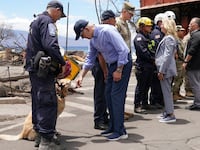 U.S. President Joe Biden and first lady Jill Biden meet first responders and a rescue dog in the fire-ravaged town of Lahaina on the island of Maui in Hawaii, U.S., August 21, 2023.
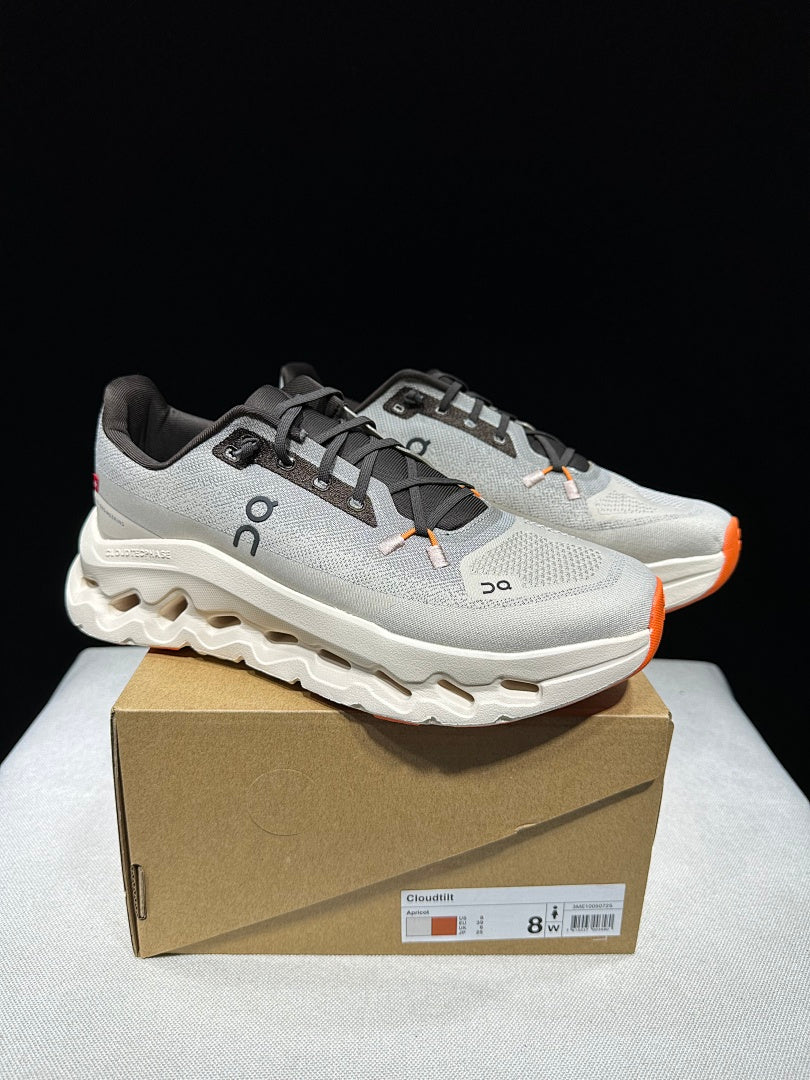 On Cloudtilt Trainers in Gray and Apricot - product image from the listing.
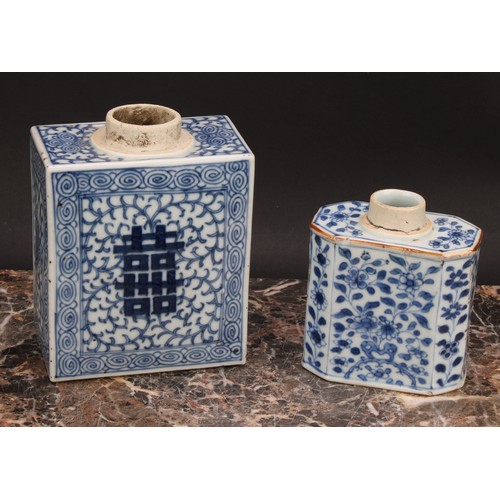 321 - A Chinese canted rectangular tea caddy, painted in tones of underglaze blue with flowers and leafy b... 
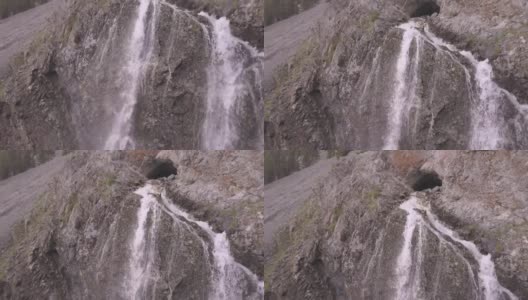 水从崖壁上的洞穴口流出高清在线视频素材下载
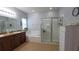 Bright bathroom features a soaking tub, a glass enclosed shower, and dual sinks at 1632 Blue Grass Blvd, Deland, FL 32724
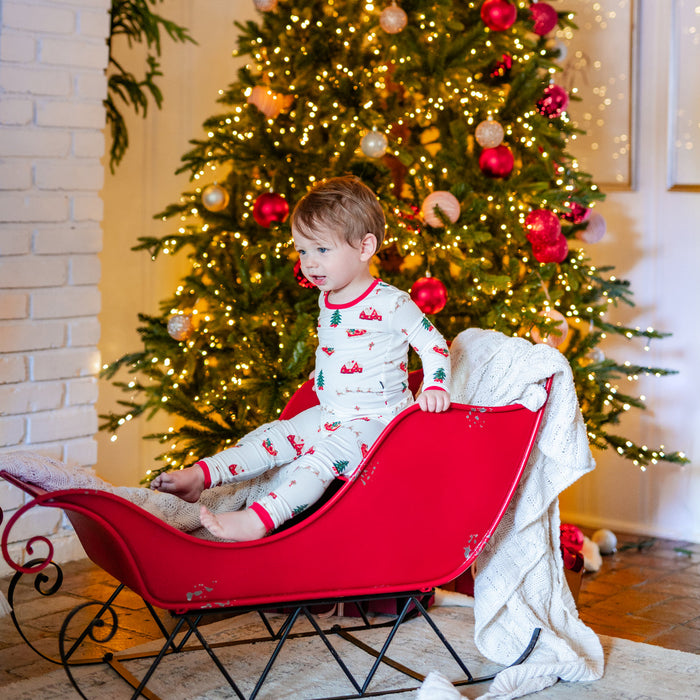Child in kyte pajamas sitting in a red sleigh in front of a decorated Christmas tree.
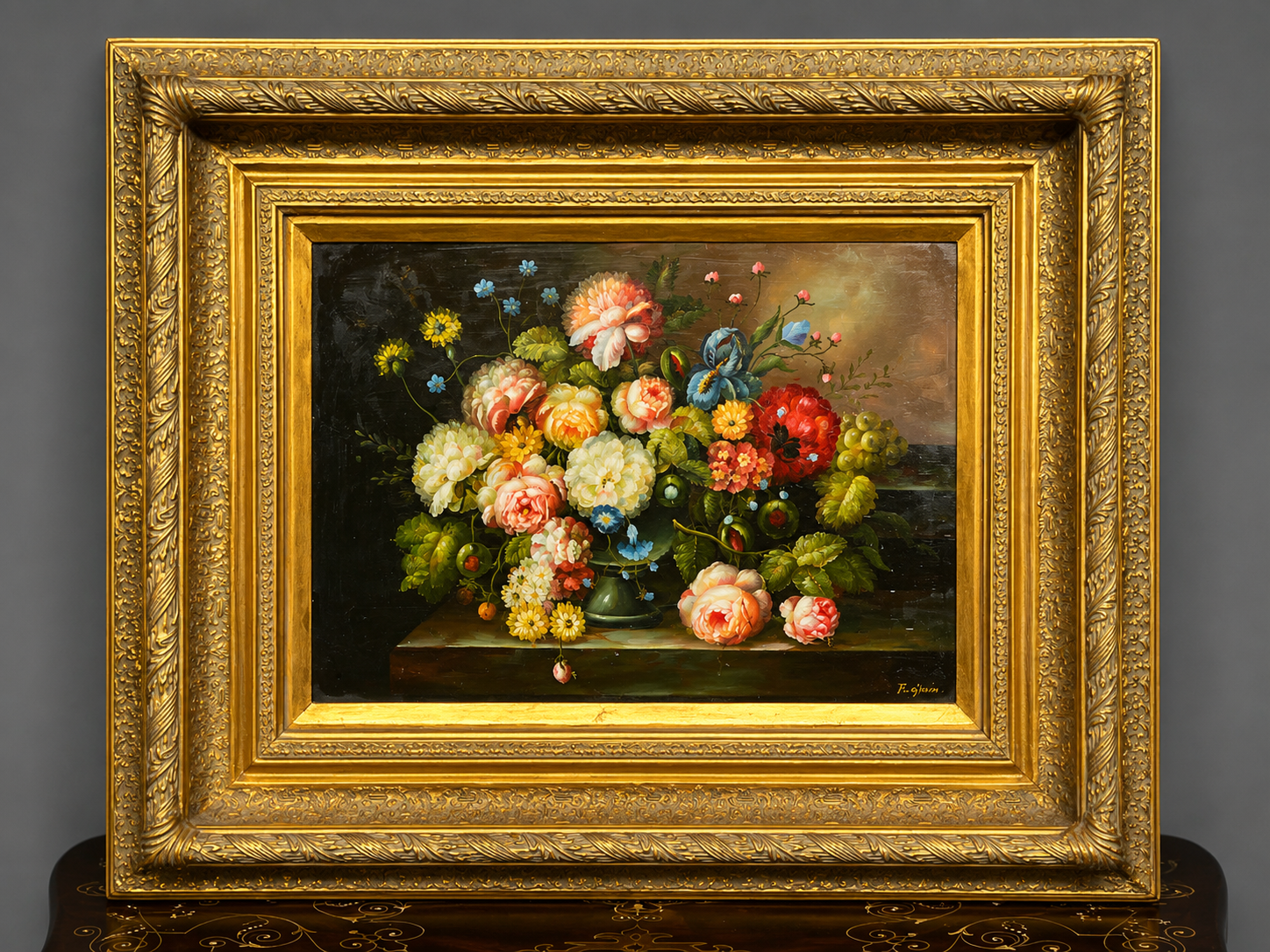 Still life with roses in a beautiful frame on a wooden panel in Flemish style.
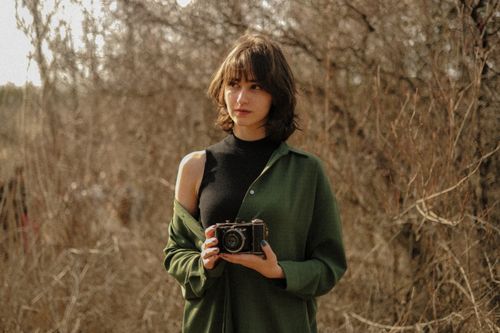 Free A fashionable woman holding a vintage camera, outdoors in a natural setting with dry foliage. Stock Photo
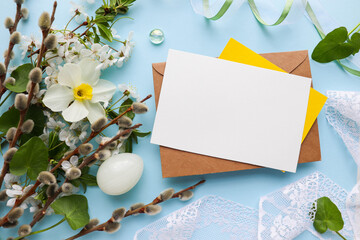 Easter card mockup. spring flowers, easter eggs, willow twigs and space for text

* * * *

TASK DESCRIPTION: Please return the material above only from the line that holds "Bright bathroom features" through the line that holds "Still life with", exactly as it stands, ends included and pictures omitted.

ANSWER FOR THIS EXERCISE:
 Bright bathroom features a soaking tub, a glass enclosed shower, and dual sinks at 1632 Blue Grass Blvd, Deland, FL 32724
Child in kyte pajamas sitting in a red sleigh in front of a decorated Christmas tree.
 Still life with roses in a beautiful frame on a wooden panel in Flemish style.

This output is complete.